Thursday, December 20, 2007

The 5 Steps to Becoming Debt Free!

Step 1

Look in the mirror and be honest. This means you have to stop ignoring the problem and hope it will either magically fix itself or go away. It won't. You can't begin to move forward until you admit there's a problem and commit to change. Stop charging! Cut up all your cards except for a Visa or MasterCard with a low interest rate, only to be used for emergencies!

Step 2

Air your dirty laundry. Clear the kitchen table and lay out all your bills and statements and letters and anything else relating to the money you owe others. Scour your home or office and don't leave anything unchecked.

Get organized.
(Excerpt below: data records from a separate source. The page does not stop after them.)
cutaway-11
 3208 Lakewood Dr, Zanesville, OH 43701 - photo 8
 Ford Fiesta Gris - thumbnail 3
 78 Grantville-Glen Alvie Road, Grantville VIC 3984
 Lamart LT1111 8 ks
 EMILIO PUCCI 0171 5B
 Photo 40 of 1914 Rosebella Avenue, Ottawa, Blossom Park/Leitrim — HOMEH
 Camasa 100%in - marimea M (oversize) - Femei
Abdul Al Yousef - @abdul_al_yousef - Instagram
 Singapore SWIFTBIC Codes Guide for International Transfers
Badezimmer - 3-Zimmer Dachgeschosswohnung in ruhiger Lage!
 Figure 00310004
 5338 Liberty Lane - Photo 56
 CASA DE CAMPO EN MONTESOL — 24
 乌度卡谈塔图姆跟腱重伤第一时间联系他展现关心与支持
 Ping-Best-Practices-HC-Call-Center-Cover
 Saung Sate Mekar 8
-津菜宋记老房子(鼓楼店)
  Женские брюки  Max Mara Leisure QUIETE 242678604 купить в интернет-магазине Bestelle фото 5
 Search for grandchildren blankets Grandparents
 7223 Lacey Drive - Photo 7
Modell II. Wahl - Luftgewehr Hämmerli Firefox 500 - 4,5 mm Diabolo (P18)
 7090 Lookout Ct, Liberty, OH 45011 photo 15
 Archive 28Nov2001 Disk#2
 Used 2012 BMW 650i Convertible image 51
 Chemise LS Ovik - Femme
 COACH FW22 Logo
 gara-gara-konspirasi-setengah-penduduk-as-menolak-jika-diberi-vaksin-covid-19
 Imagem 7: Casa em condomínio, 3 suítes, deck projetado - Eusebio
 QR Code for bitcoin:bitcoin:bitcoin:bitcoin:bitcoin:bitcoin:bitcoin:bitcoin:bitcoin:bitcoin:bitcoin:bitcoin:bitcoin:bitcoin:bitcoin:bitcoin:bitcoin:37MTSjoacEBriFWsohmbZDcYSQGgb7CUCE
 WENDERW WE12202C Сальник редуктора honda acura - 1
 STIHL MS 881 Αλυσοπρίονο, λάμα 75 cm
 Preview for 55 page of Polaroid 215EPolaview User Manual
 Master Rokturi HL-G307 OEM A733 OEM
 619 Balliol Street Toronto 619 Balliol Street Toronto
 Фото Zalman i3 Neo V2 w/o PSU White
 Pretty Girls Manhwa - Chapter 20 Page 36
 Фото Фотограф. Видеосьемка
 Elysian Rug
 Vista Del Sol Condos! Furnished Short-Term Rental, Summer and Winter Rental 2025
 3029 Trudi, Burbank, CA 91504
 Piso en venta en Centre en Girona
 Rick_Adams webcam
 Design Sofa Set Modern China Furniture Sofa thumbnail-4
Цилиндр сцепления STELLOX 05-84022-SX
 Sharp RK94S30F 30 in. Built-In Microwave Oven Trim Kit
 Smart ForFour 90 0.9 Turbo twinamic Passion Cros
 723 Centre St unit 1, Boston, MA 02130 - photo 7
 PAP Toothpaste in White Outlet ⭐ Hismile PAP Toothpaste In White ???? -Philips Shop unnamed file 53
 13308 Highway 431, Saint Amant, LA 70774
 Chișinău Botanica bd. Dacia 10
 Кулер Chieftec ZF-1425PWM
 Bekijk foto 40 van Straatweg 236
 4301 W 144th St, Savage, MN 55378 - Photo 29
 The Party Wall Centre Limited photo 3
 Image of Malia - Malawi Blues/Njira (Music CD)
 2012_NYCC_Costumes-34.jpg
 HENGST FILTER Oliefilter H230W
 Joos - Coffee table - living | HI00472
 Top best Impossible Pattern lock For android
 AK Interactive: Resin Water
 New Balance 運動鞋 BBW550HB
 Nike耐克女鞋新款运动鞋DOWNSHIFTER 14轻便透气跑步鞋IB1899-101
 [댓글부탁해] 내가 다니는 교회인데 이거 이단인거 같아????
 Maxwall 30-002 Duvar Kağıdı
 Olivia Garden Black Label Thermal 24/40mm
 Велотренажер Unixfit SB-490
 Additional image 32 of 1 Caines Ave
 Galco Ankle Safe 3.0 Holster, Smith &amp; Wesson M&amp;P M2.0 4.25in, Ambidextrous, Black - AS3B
Arrange all the above into their respective groups. It's amazing how things can become manageable once you know exactly where you stand.

Step 3

Create a budget. This starts by making a list of everything you spend money on, not just creditors but everything from phone to electricity to food to entertainment; all spending. Spend some time on this, it's critically important to your success. You need to break down how much you're spending each and every month on everything. Everything. There is software out there to help you with this, many of you may already have something on your computer and not even know it. Microsoft Money is a common program often shipped with a lot of computers anymore, check it out.

Once that's done, you need to look at where you're spending your money and where you can cut back. If you're spending $300/month on entertainment that's an easy way to save money, stop going out. There is no simple answer, everyone has a different set of circumstances and needs to tailor their budget and lifestyle to their income. We all waste money, some just more than others.

Make a list of all household income. If it's just you then it will likely be a short exercise, if not get everyone in the home on the same page and find out exactly who makes what. $50 here, $200 here, it all adds up.

By now things should becoming more clear. You know how much you spend, how much you make, and the difference between the two. Hopefully there's more money coming in every month than going out.

Step 4

Back to your creditors. The goal here is to contact the people you owe money to and consolidate. It's amazing how much you can accomplish by just a simple and courteous phone call. Be persistent. Remember, these companies want you to pay. They may act like they won't bend, but when push comes to shove they will if it means you pay them every month. When calling be as polite as possible, you catch more flies with honey than vinegar. Reason with these people, ask for a lower interest rate and explain your financial situation. They want to be paid. If you show that you are concerned about paying, they're going to be more inclined to work with you. Don't just call and say I'm broke, I can't pay. That will make your life much, much worse.

After you've called all the people you owe money to and hopefully reduced some of those interest rates, consider transferring any high interest debt to lower interest accounts. A lot of credit card companies allow you to do this online, or a phone call works just as well.

This means the credit cards or loans with the highest interest rates need to be addressed first. If you have $1000 on a card with a 22% interest rate and $500 on a card with a 15% rate, try to transfer the balance to the lower rate card. This isn't rocket science. The lower rate cards are most important right now. Hopefully they're not maxed out. If so, call those companies and ask for a credit extension-NOT SO YOU CAN GO OUT AND CHARGE A NEW FLAT SCREEN! We need to move as much debt as possible from the higher cards to the lower cards. If you can transfer all of the balance from a higher rate card, close the account when completed. Remember we're turning over a new leaf and that means living within your means. Yes, it can be done.

Step 5

By now you know how much is coming in, how much is going out, and you've consolidated that debt to the lowest rate possible. There is light at the end of the tunnel. You should earmark a chunk of money every month to paying down this debt. Don't be shy, you need to cut back in other areas like entertainment in order put more money towards your debts. When you've figured out how much you're going to spend on paying off debt every month, you need to decide where it's going to go. This step is pretty easy. Pay only the minimum on all but you're highest rate card. The rest of that money goes to your highest rate card until it's paid off. This could be a year. So what. This is how you spend the least to pay off the most. Once that account is paid off, move to the next highest rate card and pay the most to that one. Do this until there is no more debt.

If you've made it to this point, congratulations! You've created good financial habits. Keep them. Don't you dare go back to your old ways and spend money on things you don't have. Share your knowledge with others so they don't make the same mistakes you did.